→ **Description of the task**: Two lines mark the range in the entries below: the one holding "Coverado Nappa Leather" and the one holding "Vince White Woven Slides". Set down those two and all lines between them, exactly.

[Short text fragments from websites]
####################
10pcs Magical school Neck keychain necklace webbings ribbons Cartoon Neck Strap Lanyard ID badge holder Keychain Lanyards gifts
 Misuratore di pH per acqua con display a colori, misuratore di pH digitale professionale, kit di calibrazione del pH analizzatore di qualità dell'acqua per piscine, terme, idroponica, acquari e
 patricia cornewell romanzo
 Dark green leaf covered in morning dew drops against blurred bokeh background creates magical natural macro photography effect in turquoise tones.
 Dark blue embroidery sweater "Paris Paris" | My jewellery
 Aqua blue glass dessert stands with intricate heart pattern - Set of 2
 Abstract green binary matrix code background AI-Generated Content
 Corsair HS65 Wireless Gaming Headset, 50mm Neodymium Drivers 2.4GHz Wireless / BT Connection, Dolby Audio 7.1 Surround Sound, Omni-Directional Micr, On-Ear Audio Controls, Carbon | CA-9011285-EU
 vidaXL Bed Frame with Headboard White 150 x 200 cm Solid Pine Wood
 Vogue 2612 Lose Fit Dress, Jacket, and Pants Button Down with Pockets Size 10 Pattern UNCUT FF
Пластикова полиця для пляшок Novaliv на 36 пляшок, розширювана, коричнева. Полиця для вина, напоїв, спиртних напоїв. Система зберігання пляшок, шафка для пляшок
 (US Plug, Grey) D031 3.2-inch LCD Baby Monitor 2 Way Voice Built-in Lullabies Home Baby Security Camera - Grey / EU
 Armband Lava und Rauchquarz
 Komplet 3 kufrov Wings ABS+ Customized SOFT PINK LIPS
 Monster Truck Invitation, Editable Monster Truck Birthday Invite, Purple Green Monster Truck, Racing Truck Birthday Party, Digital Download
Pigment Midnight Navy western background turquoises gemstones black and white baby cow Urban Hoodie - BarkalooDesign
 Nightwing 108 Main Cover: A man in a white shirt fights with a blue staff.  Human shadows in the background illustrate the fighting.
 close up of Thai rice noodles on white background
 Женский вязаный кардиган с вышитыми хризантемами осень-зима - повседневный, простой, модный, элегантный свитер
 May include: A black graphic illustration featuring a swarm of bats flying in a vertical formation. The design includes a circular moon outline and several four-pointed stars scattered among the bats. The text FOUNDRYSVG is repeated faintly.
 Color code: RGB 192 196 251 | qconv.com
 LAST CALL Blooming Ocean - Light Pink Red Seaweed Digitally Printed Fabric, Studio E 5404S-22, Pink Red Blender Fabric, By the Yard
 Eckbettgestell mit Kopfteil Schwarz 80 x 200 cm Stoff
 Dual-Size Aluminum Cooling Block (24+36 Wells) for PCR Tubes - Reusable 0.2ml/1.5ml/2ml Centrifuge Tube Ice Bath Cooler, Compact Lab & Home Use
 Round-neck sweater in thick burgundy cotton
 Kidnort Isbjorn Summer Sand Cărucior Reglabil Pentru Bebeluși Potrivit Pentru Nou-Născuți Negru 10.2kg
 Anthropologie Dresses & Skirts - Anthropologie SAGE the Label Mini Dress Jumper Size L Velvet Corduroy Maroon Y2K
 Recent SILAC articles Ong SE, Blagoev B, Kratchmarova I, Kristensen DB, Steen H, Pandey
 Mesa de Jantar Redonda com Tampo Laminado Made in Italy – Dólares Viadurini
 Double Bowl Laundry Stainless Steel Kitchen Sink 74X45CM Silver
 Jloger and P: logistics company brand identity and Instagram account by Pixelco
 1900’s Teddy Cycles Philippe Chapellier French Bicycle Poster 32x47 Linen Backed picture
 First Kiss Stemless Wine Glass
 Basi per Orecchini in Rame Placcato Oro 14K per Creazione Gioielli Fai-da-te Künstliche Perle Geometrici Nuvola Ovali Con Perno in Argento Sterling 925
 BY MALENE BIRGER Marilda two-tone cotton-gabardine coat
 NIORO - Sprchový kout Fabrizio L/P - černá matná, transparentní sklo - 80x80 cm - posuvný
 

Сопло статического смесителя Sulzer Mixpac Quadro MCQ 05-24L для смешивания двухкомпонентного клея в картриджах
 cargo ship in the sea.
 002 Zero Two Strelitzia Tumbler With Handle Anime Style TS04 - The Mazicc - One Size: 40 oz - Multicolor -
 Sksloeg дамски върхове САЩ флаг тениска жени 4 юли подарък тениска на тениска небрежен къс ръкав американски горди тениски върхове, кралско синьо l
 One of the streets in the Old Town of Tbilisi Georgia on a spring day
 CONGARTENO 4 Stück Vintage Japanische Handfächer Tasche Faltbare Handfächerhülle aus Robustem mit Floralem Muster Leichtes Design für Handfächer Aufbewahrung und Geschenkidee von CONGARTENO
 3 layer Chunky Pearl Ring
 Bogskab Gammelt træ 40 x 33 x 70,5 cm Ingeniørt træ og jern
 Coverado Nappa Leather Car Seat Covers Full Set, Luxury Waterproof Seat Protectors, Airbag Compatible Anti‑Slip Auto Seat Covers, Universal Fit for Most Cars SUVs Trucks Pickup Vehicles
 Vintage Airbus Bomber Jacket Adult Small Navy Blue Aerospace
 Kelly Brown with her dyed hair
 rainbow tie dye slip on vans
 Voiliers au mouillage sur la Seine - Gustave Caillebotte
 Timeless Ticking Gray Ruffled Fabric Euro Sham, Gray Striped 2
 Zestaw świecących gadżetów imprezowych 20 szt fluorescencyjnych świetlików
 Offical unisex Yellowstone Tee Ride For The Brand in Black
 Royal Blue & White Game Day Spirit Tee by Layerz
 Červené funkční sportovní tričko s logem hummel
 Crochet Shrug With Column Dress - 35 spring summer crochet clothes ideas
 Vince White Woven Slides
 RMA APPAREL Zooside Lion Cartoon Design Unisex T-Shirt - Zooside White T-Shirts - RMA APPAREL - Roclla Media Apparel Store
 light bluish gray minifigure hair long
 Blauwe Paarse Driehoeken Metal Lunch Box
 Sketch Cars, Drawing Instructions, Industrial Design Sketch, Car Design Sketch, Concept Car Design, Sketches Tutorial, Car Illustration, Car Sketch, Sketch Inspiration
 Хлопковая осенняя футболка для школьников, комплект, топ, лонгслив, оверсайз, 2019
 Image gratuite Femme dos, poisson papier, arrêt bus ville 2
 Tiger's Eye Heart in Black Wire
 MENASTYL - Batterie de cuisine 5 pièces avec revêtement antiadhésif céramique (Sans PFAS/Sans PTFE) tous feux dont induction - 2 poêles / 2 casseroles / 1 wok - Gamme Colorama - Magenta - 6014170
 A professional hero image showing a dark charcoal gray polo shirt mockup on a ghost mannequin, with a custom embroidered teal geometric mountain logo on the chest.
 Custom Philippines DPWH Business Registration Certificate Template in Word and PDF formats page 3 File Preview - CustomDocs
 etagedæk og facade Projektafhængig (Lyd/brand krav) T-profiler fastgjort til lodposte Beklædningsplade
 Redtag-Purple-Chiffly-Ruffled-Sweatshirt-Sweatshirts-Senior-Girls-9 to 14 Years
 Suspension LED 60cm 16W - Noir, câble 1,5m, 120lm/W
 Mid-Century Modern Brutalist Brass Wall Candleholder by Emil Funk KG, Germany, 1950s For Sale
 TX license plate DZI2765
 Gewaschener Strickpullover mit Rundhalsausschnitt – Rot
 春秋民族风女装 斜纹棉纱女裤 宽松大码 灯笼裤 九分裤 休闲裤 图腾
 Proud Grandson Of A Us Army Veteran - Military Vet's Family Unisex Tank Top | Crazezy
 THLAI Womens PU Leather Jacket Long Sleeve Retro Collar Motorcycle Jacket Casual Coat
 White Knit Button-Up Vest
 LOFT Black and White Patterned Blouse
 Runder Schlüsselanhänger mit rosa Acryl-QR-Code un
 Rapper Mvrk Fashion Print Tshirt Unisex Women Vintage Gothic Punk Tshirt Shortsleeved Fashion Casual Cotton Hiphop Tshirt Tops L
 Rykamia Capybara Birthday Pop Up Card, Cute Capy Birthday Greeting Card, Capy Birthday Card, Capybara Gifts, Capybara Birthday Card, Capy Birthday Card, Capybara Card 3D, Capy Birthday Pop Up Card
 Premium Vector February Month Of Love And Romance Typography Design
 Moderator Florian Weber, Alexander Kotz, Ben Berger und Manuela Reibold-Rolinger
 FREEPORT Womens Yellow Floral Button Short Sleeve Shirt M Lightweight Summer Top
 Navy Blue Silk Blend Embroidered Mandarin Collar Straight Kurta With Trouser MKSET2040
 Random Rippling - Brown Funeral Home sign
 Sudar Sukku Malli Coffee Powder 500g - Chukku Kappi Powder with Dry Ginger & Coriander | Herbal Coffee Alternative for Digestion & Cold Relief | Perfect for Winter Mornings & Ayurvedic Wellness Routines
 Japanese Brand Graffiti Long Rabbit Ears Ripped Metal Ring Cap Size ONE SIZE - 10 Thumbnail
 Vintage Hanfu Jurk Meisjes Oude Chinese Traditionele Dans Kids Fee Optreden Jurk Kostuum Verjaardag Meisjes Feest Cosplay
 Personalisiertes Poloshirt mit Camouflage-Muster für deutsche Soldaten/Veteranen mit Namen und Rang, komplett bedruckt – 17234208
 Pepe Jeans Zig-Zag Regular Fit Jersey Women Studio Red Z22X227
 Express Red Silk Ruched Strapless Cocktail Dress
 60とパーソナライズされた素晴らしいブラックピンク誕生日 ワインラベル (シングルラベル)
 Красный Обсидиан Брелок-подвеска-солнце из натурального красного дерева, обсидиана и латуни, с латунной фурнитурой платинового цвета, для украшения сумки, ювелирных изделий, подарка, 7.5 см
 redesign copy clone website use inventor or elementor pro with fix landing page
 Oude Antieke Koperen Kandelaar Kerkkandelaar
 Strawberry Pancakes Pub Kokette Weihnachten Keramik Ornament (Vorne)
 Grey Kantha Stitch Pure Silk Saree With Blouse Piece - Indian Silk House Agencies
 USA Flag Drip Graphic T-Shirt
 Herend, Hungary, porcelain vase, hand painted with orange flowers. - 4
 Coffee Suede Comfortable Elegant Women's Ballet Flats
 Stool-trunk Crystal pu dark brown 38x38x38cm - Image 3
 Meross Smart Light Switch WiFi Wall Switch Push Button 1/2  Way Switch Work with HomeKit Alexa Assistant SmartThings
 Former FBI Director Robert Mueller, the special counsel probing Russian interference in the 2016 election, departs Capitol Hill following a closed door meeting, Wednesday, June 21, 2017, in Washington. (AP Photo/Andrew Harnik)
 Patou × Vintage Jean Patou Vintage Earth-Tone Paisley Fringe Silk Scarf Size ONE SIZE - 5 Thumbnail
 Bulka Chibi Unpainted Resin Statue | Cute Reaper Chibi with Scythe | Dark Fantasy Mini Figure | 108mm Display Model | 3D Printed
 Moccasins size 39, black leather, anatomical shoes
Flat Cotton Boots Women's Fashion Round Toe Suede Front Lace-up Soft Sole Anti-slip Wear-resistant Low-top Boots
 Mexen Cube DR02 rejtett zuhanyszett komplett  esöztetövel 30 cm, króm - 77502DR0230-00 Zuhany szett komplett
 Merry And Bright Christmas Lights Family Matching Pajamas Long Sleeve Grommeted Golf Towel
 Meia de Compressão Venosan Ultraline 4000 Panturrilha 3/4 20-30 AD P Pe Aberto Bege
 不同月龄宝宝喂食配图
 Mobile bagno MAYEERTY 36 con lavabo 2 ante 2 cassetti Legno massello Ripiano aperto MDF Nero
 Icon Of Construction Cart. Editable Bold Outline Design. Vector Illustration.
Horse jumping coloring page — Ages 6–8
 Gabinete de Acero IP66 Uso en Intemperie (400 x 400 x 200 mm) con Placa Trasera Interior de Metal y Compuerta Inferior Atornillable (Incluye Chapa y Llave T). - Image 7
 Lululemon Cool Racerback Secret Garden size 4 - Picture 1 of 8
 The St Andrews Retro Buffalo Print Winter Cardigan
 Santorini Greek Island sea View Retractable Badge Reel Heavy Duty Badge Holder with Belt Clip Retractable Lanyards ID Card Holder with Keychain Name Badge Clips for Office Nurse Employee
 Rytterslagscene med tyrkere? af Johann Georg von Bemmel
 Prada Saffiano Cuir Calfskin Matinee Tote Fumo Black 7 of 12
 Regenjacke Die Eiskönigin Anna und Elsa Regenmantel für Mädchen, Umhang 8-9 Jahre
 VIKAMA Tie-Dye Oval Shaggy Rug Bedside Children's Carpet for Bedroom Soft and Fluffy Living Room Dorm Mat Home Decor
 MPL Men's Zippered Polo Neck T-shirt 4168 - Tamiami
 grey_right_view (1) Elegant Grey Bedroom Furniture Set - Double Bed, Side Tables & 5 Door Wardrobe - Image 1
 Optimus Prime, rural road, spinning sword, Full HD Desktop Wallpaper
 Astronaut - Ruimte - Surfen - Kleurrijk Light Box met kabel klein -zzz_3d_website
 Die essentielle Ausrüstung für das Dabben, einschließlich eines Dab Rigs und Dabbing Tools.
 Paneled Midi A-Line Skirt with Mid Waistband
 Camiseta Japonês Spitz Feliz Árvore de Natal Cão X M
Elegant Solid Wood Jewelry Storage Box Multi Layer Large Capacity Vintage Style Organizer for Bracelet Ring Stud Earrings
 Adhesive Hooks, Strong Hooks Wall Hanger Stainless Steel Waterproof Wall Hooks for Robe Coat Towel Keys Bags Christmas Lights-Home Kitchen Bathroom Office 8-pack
####################
→ **Exercise output**:
 Coverado Nappa Leather Car Seat Covers Full Set, Luxury Waterproof Seat Protectors, Airbag Compatible Anti‑Slip Auto Seat Covers, Universal Fit for Most Cars SUVs Trucks Pickup Vehicles
 Vintage Airbus Bomber Jacket Adult Small Navy Blue Aerospace
 Kelly Brown with her dyed hair
 rainbow tie dye slip on vans
 Voiliers au mouillage sur la Seine - Gustave Caillebotte
 Timeless Ticking Gray Ruffled Fabric Euro Sham, Gray Striped 2
 Zestaw świecących gadżetów imprezowych 20 szt fluorescencyjnych świetlików
 Offical unisex Yellowstone Tee Ride For The Brand in Black
 Royal Blue & White Game Day Spirit Tee by Layerz
 Červené funkční sportovní tričko s logem hummel
 Crochet Shrug With Column Dress - 35 spring summer crochet clothes ideas
 Vince White Woven Slides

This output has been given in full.